§ Your assignment:
Quote the data below in full, minus the images.

§ Recorded information:
◆ ◆ ◆ ◆
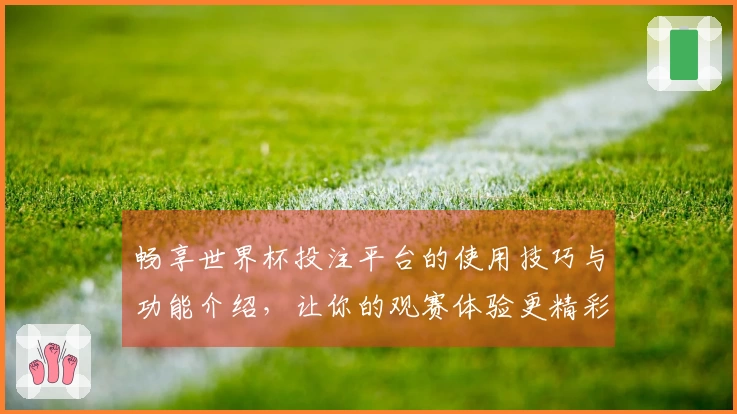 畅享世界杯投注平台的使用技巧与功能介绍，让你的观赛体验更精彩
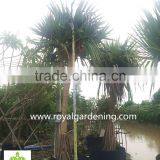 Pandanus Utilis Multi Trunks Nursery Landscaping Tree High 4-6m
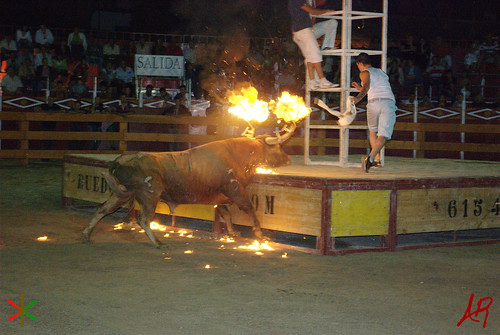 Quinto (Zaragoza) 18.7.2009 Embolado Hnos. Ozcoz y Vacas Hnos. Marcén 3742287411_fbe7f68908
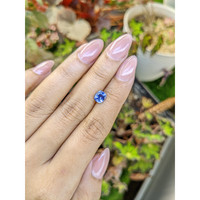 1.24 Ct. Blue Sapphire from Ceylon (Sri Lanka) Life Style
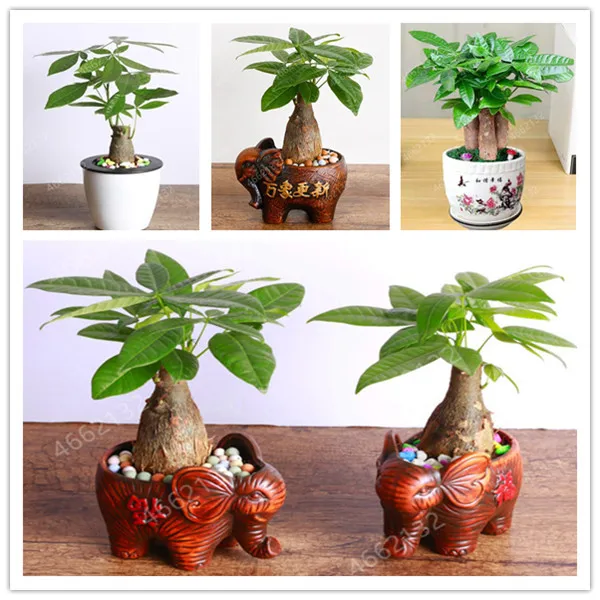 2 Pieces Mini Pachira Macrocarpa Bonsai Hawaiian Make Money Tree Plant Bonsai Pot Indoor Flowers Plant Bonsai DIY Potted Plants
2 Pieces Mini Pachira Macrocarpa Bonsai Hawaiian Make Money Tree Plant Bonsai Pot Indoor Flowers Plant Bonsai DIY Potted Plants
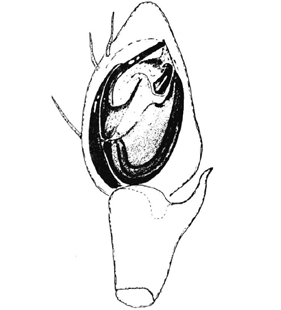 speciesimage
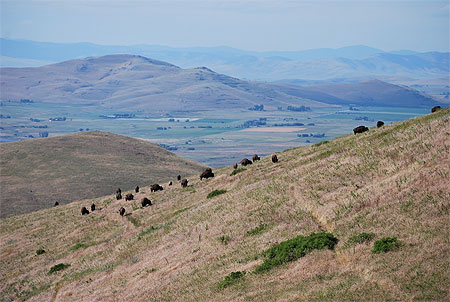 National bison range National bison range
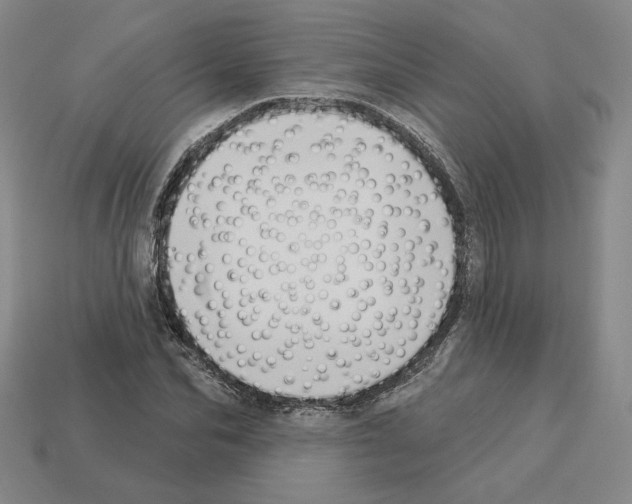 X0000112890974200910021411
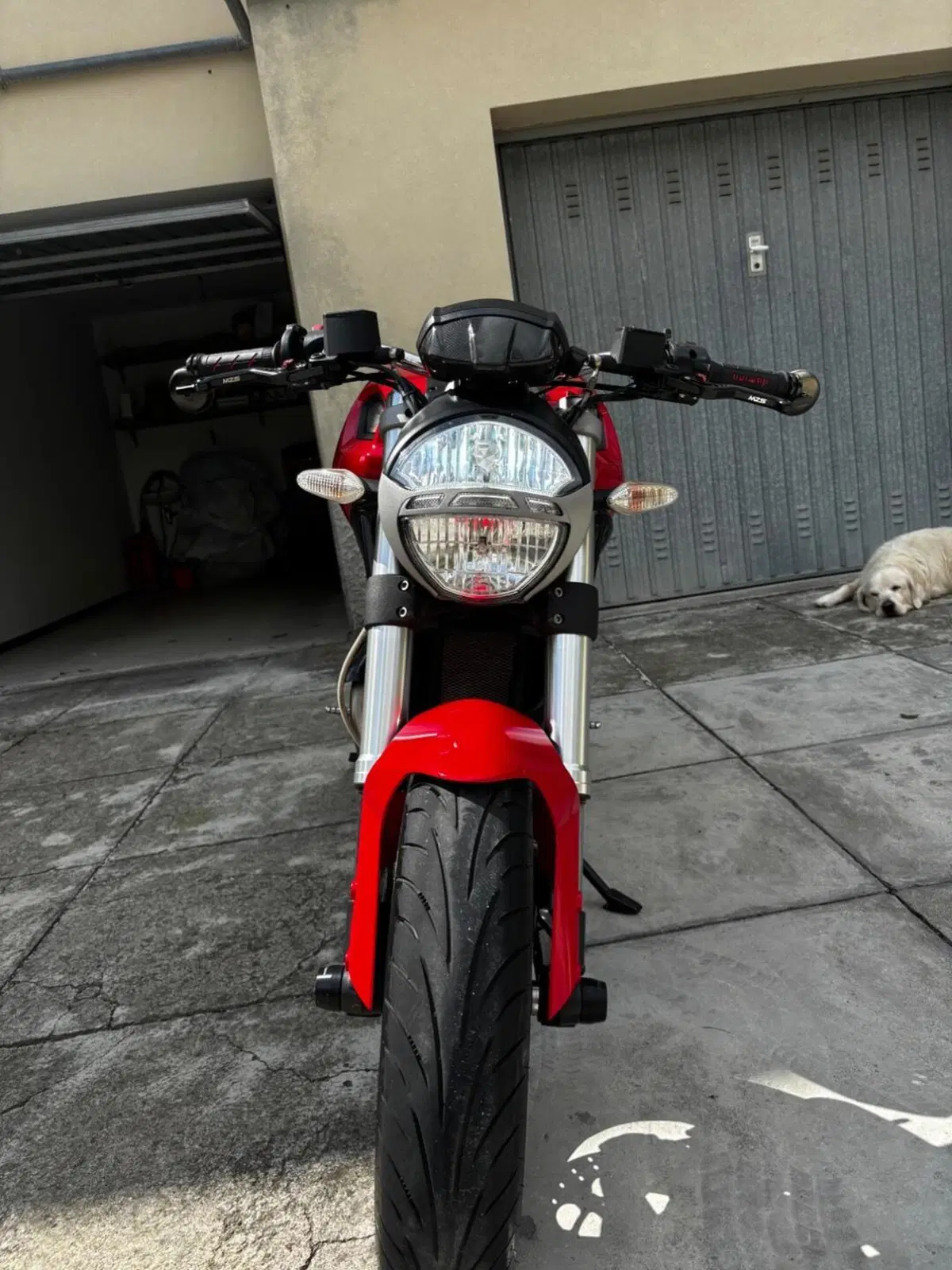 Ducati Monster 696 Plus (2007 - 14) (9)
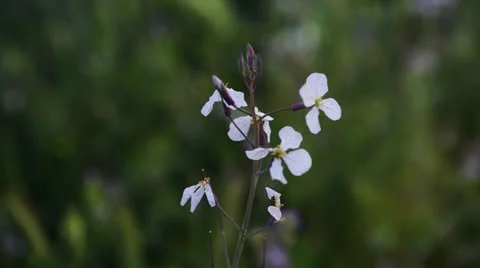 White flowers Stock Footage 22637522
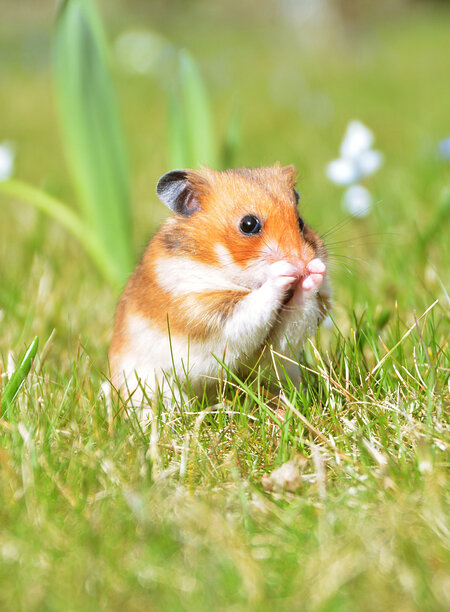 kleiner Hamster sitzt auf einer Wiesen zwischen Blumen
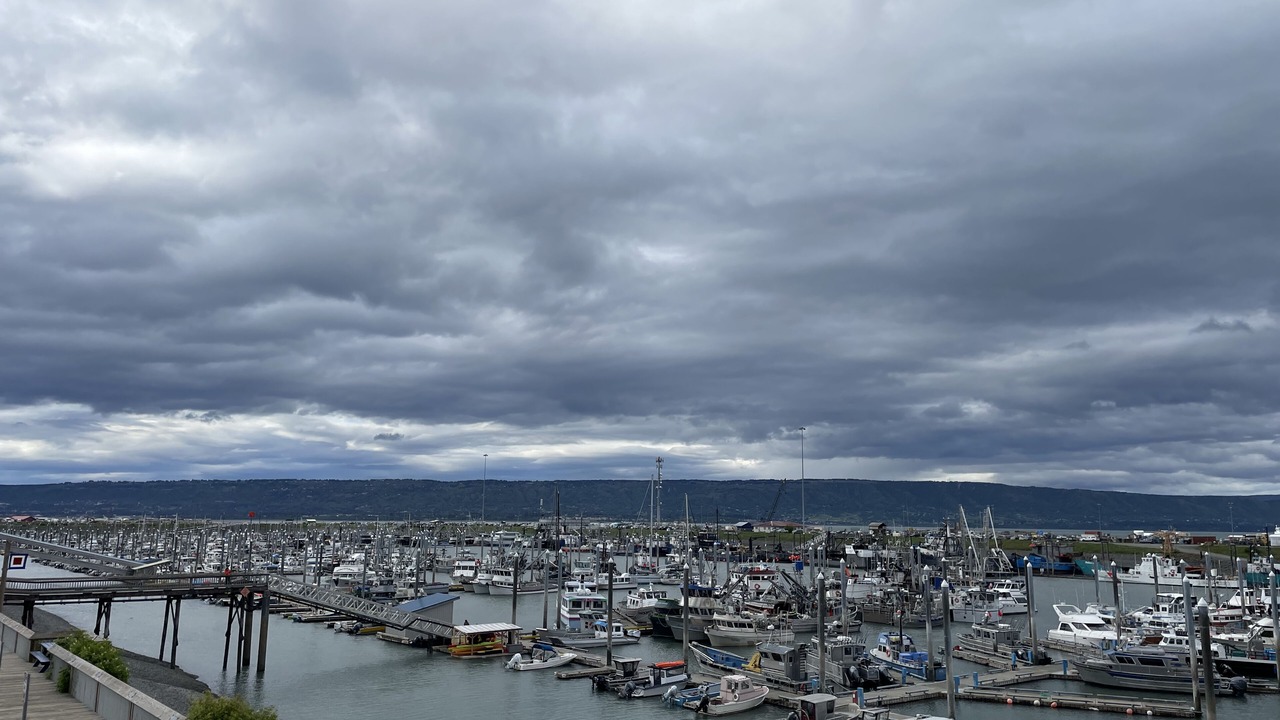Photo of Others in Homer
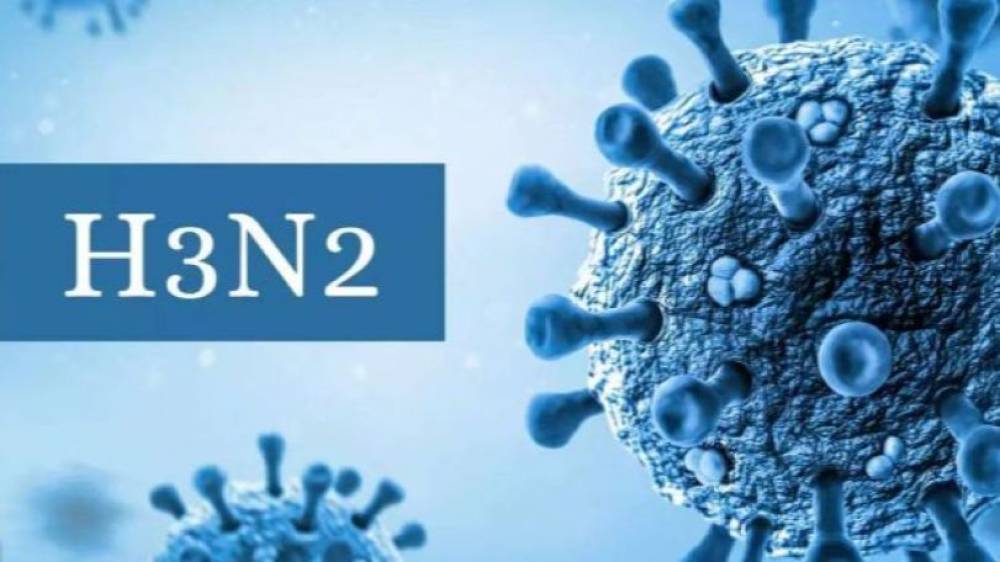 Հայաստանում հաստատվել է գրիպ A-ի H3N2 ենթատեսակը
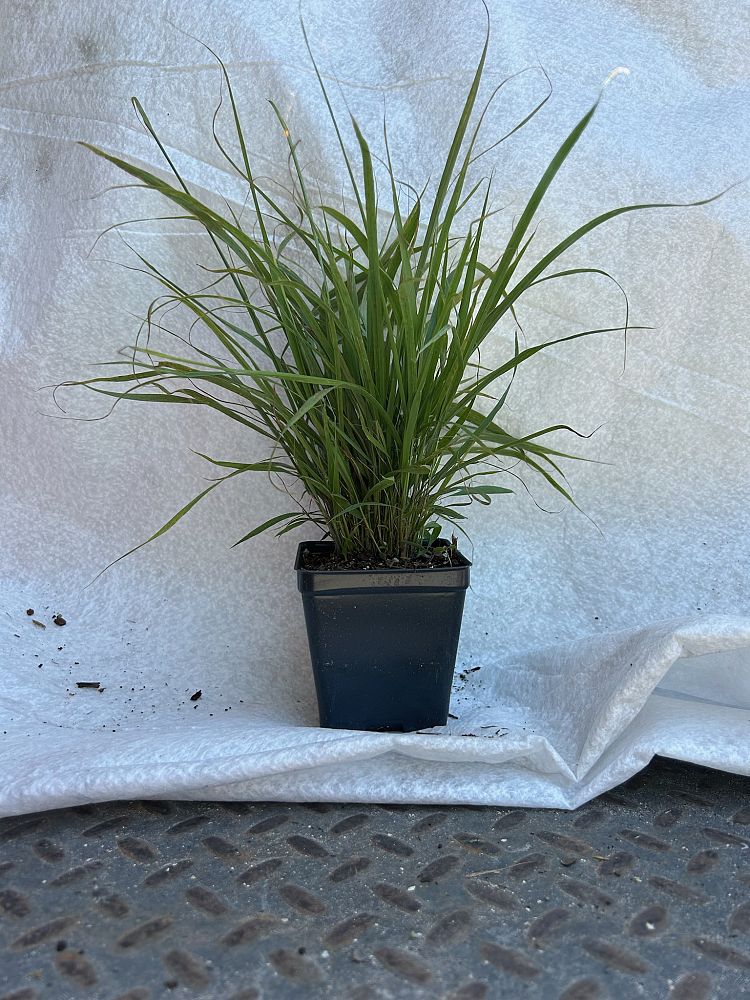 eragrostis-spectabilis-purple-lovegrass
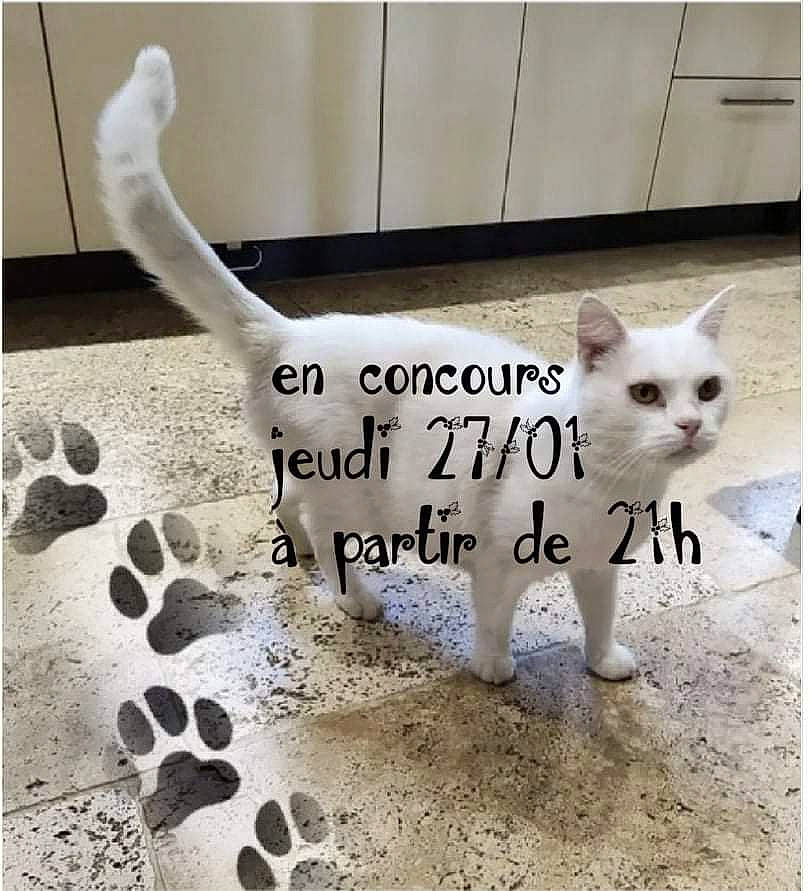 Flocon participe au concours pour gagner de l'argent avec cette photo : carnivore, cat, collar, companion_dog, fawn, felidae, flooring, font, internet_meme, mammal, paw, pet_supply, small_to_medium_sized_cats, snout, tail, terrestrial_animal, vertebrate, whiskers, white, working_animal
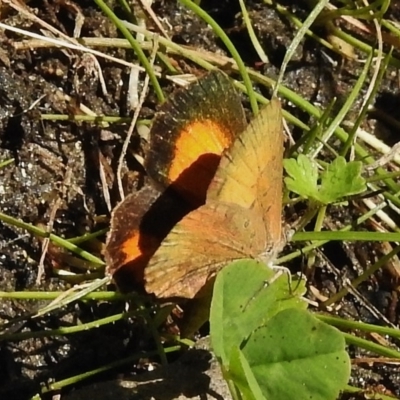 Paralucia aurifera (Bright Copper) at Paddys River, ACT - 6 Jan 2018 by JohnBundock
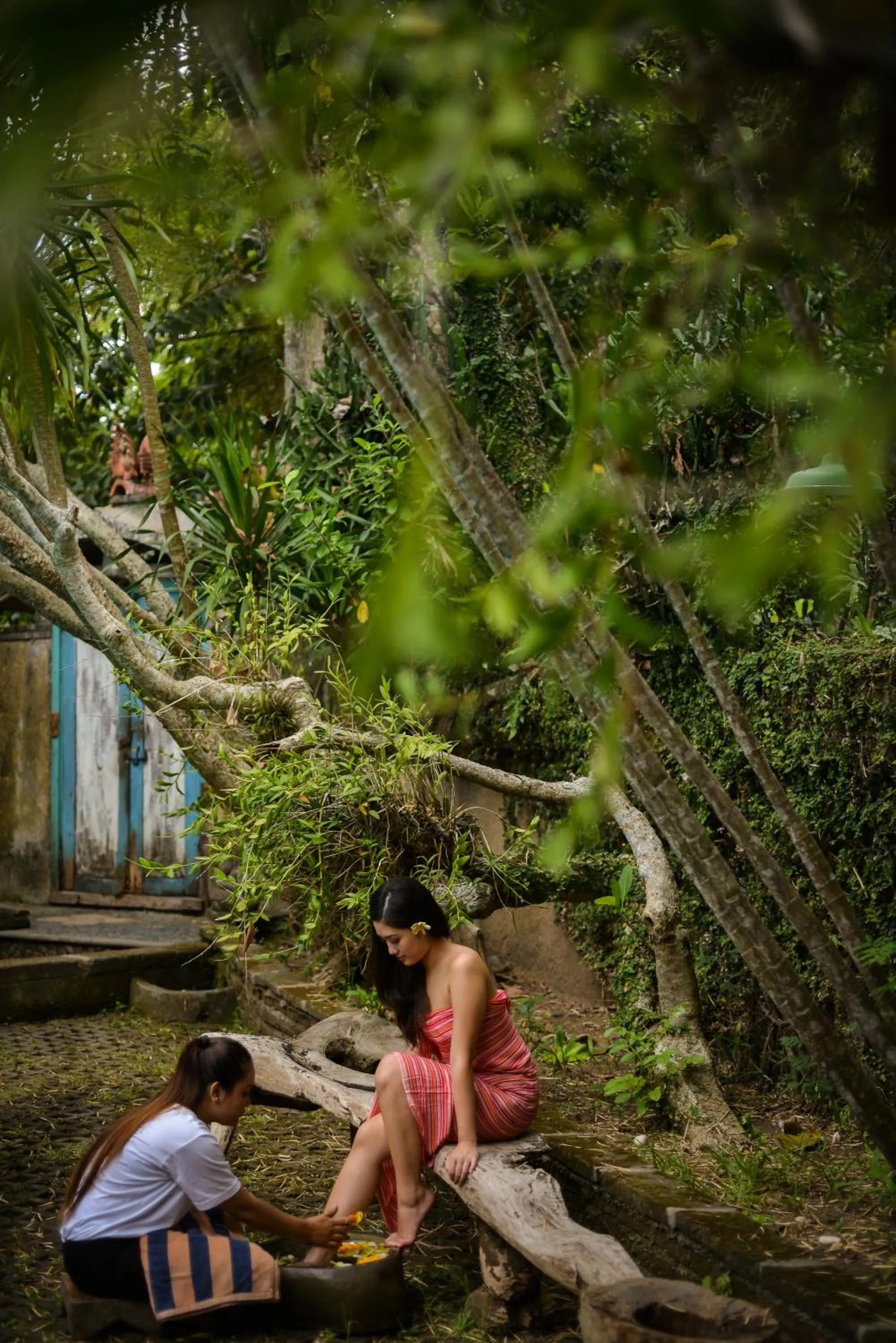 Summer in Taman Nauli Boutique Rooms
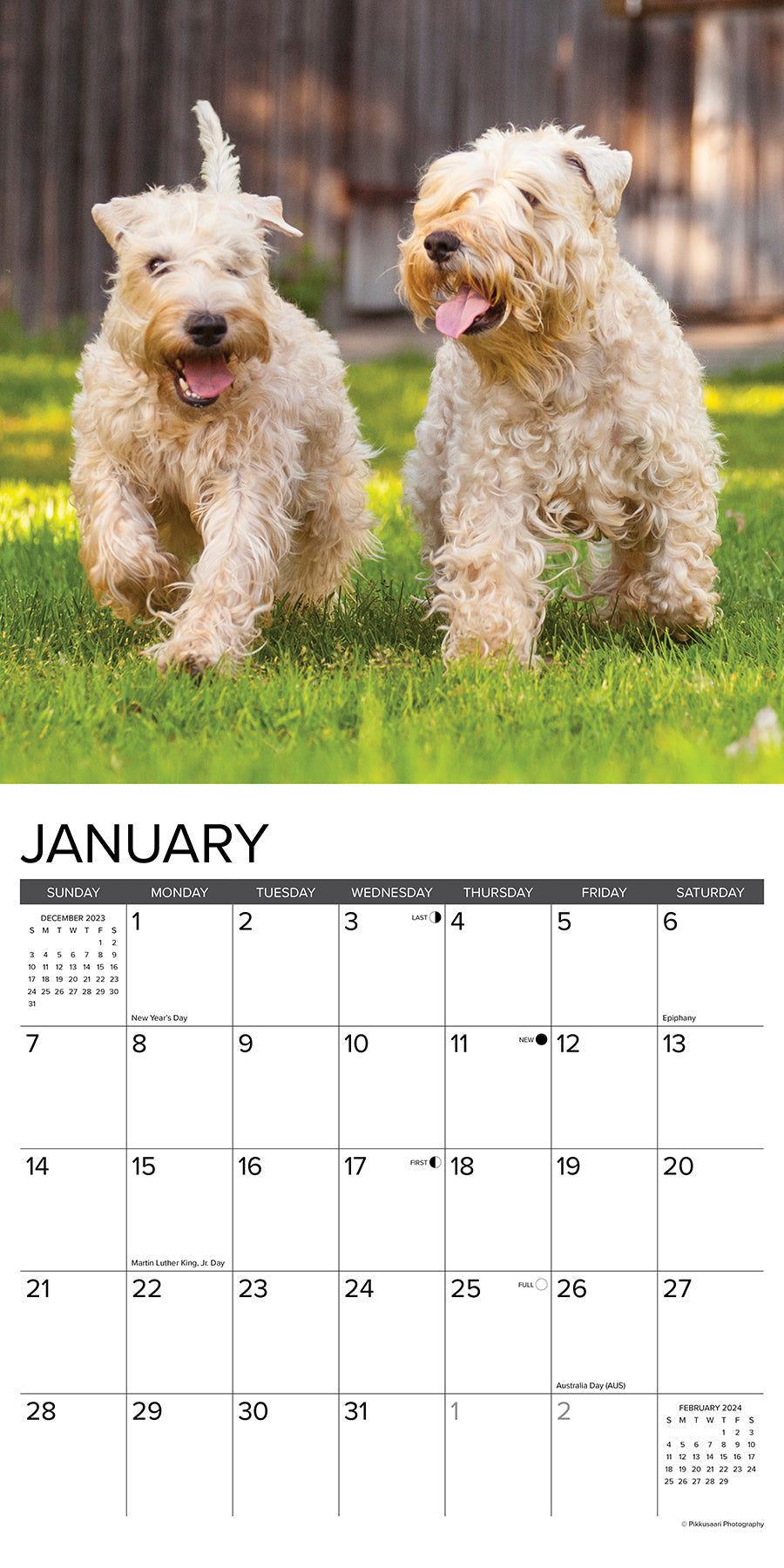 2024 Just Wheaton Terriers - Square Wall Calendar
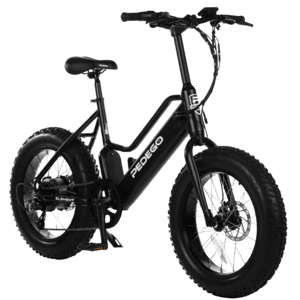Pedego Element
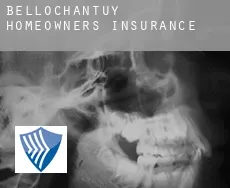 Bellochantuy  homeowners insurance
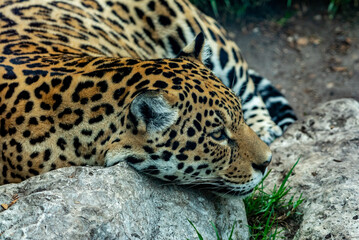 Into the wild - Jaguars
◆ ◆ ◆ ◆
§ Completed task:
 畅享世界杯投注平台的使用技巧与功能介绍，让你的观赛体验更精彩
 Pandanus Utilis Multi Trunks Nursery Landscaping Tree High 4-6m
 Quinto (Zaragoza) 18.7.2009 Embolado Hnos. Ozcoz y Vacas Hnos. Marcén 3742287411_fbe7f68908
 1.24 Ct. Blue Sapphire from Ceylon (Sri Lanka) Life Style
 2 Pieces Mini Pachira Macrocarpa Bonsai Hawaiian Make Money Tree Plant Bonsai Pot Indoor Flowers Plant Bonsai DIY Potted Plants
2 Pieces Mini Pachira Macrocarpa Bonsai Hawaiian Make Money Tree Plant Bonsai Pot Indoor Flowers Plant Bonsai DIY Potted Plants
 speciesimage
 National bison range National bison range
 X0000112890974200910021411
 Ducati Monster 696 Plus (2007 - 14) (9)
 White flowers Stock Footage 22637522
 kleiner Hamster sitzt auf einer Wiesen zwischen Blumen
Photo of Others in Homer
 Հայաստանում հաստատվել է գրիպ A-ի H3N2 ենթատեսակը
 eragrostis-spectabilis-purple-lovegrass
 Flocon participe au concours pour gagner de l'argent avec cette photo : carnivore, cat, collar, companion_dog, fawn, felidae, flooring, font, internet_meme, mammal, paw, pet_supply, small_to_medium_sized_cats, snout, tail, terrestrial_animal, vertebrate, whiskers, white, working_animal
 Paralucia aurifera (Bright Copper) at Paddys River, ACT - 6 Jan 2018 by JohnBundock
 Summer in Taman Nauli Boutique Rooms
 2024 Just Wheaton Terriers - Square Wall Calendar
Pedego Element
 Bellochantuy  homeowners insurance
 Into the wild - Jaguars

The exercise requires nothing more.